▶ PROBLEM STATEMENT: Once you find the line with "Hermes Silk Scarf 90X90cm E01 (30)", transcribe it and all the lines that follow to the end of the data, exactly as written; skip any pictures.

--- COLLECTED MATERIAL ---

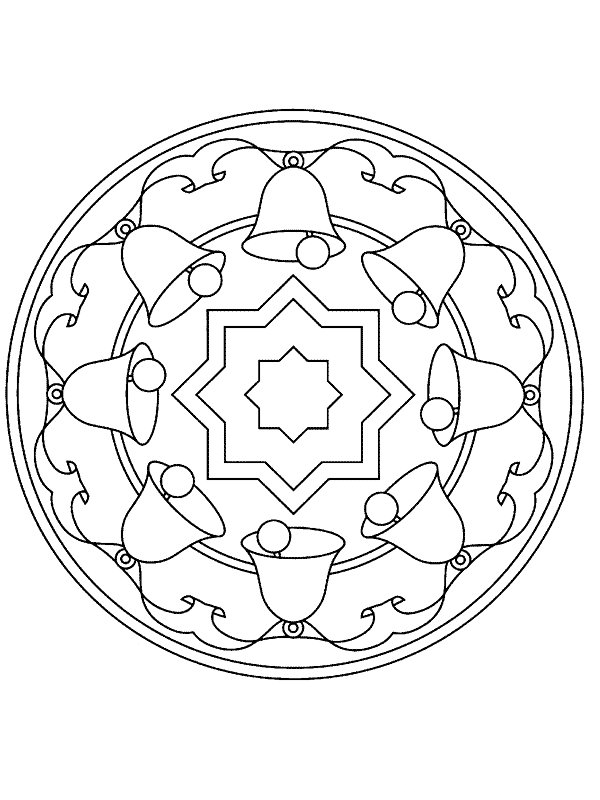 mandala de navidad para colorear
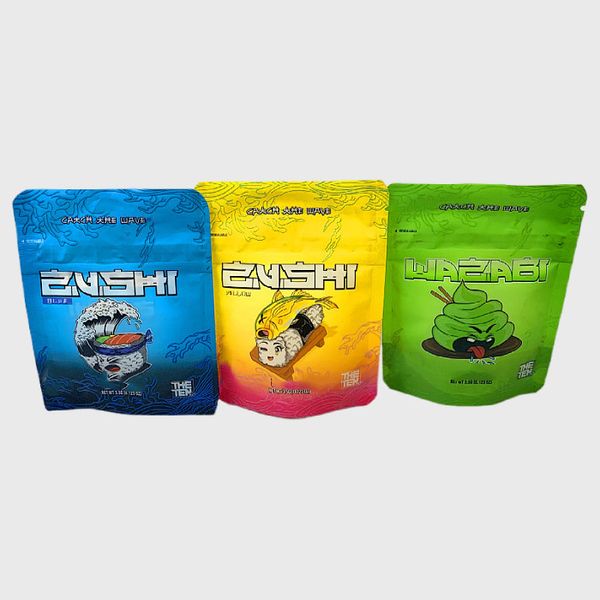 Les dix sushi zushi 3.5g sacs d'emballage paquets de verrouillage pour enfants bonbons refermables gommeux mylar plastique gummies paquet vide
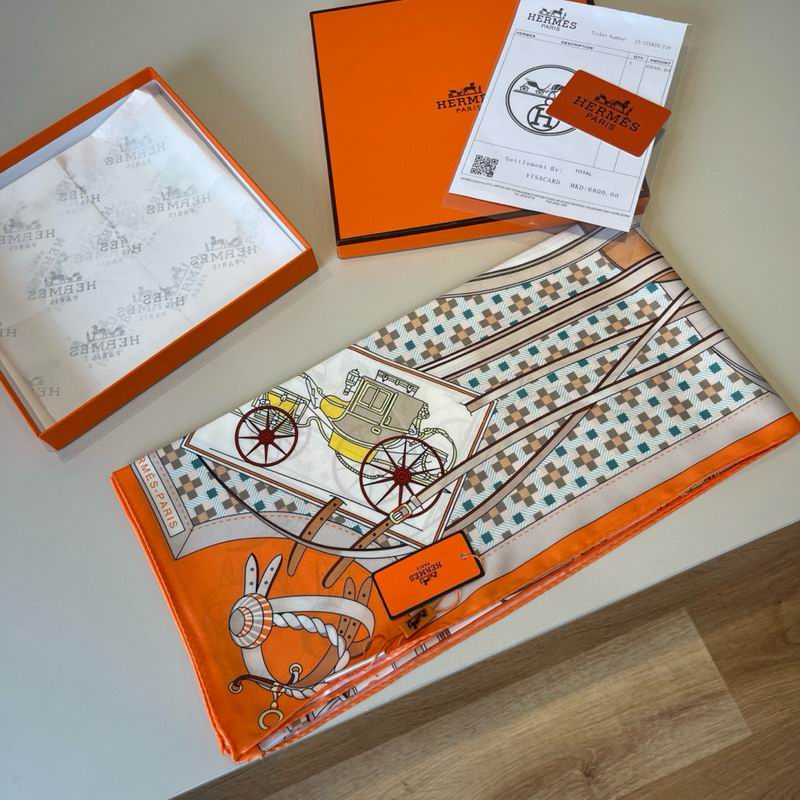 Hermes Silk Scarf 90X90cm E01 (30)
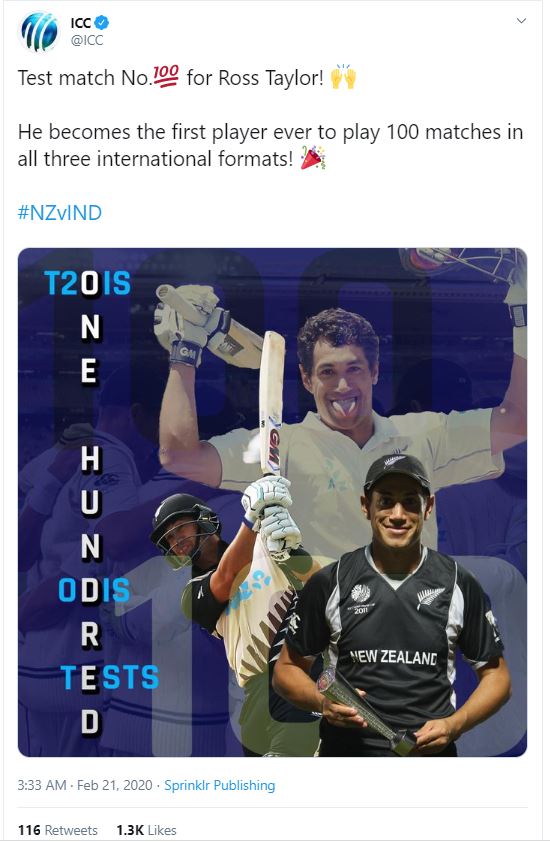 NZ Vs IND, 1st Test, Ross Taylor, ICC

---

▶ TASK SOLUTION:
 Hermes Silk Scarf 90X90cm E01 (30)
 NZ Vs IND, 1st Test, Ross Taylor, ICC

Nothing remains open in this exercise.